* [Activity]
When you copy the data, keep every word exactly as it is and leave the pictures out.

* [Information provided]

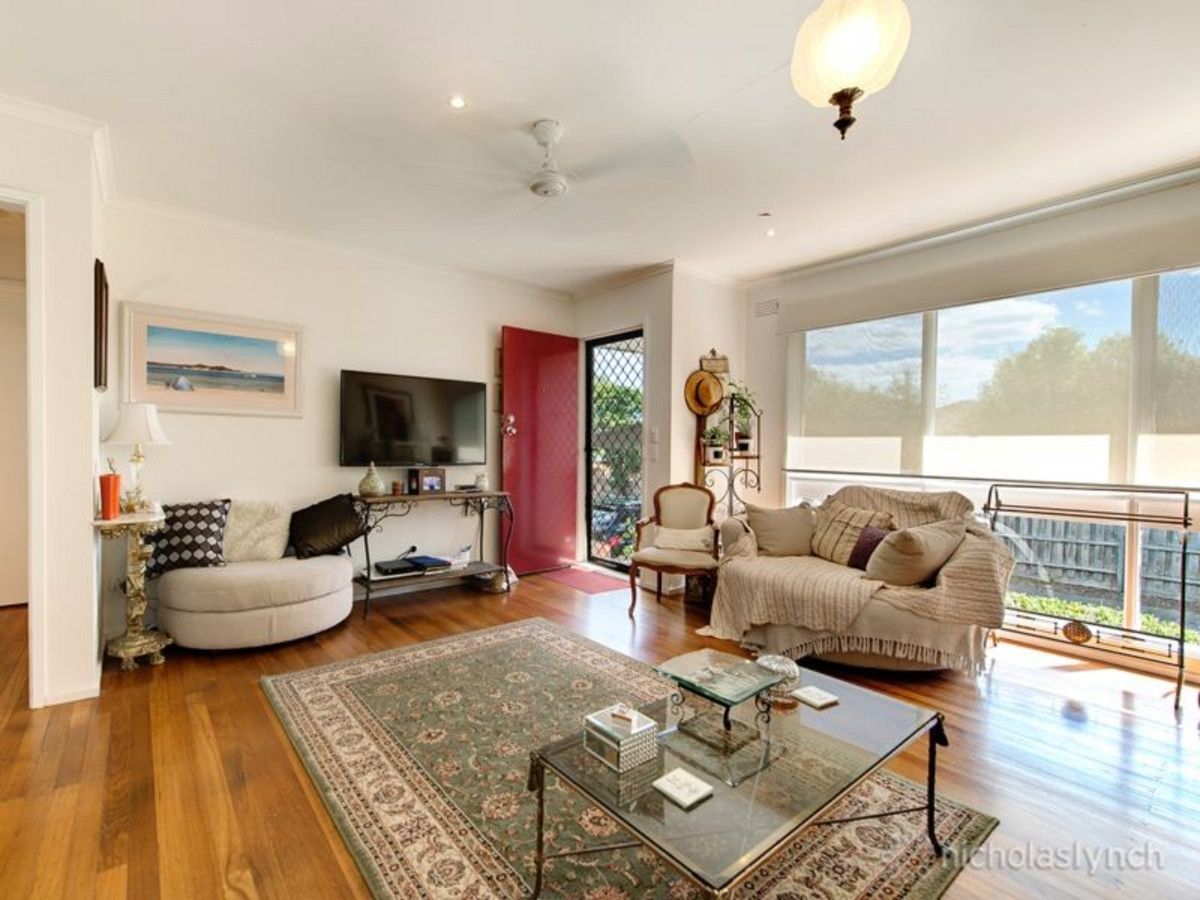 2/18 Lucerne Avenue, Mornington VIC 3931, Image 0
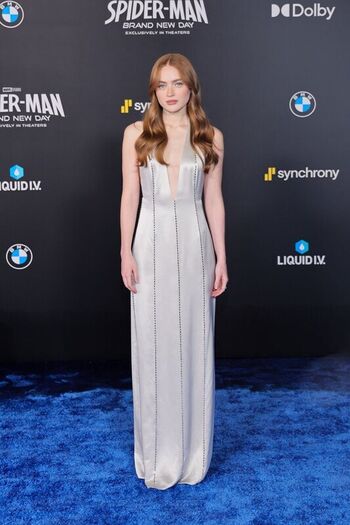 Full leaked Sadie sink page private onlyfans photo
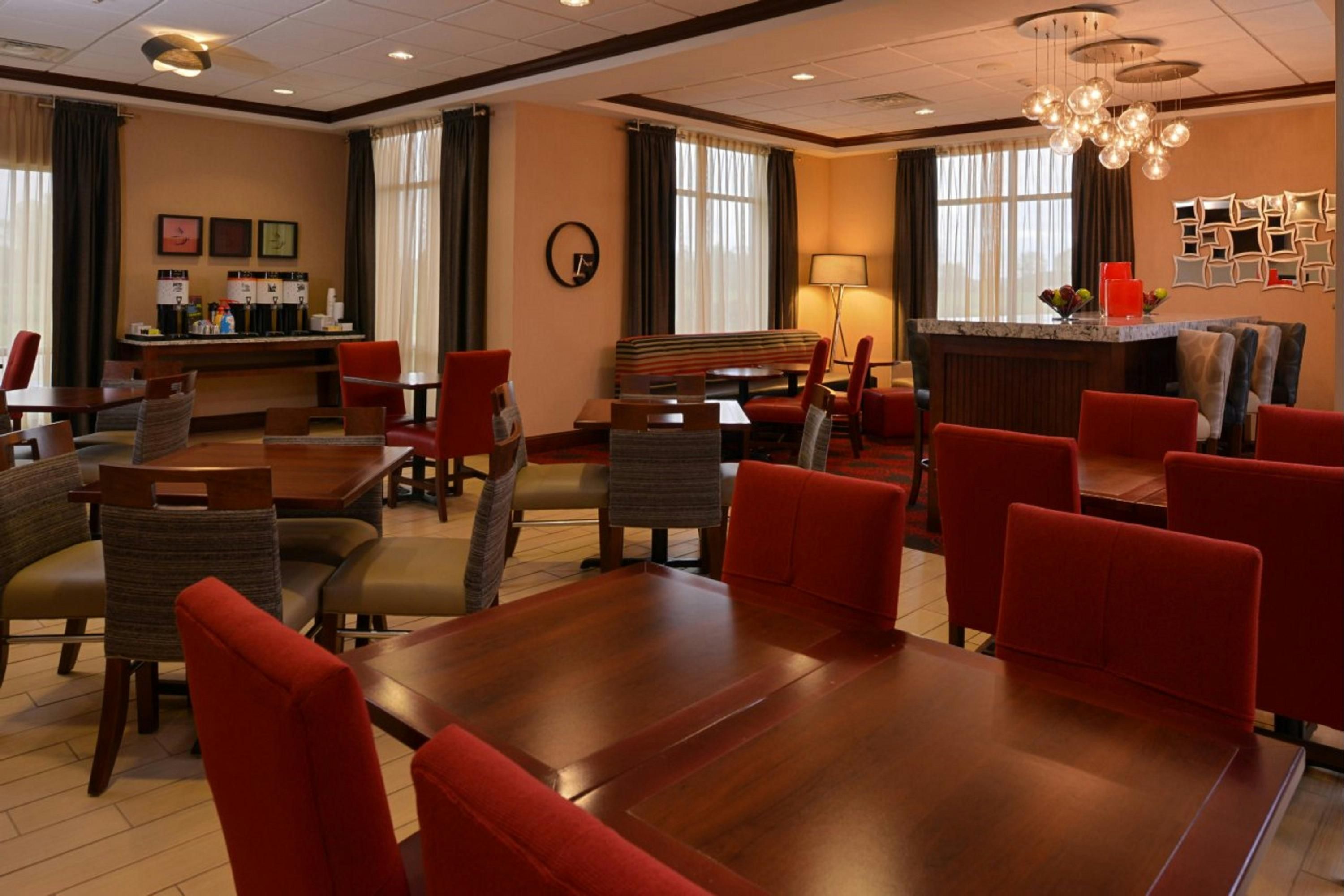 Hampton Inn Lincoln - Lincoln - Restaurace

* [Output of the task]
 2/18 Lucerne Avenue, Mornington VIC 3931, Image 0
 Full leaked Sadie sink page private onlyfans photo
 Hampton Inn Lincoln - Lincoln - Restaurace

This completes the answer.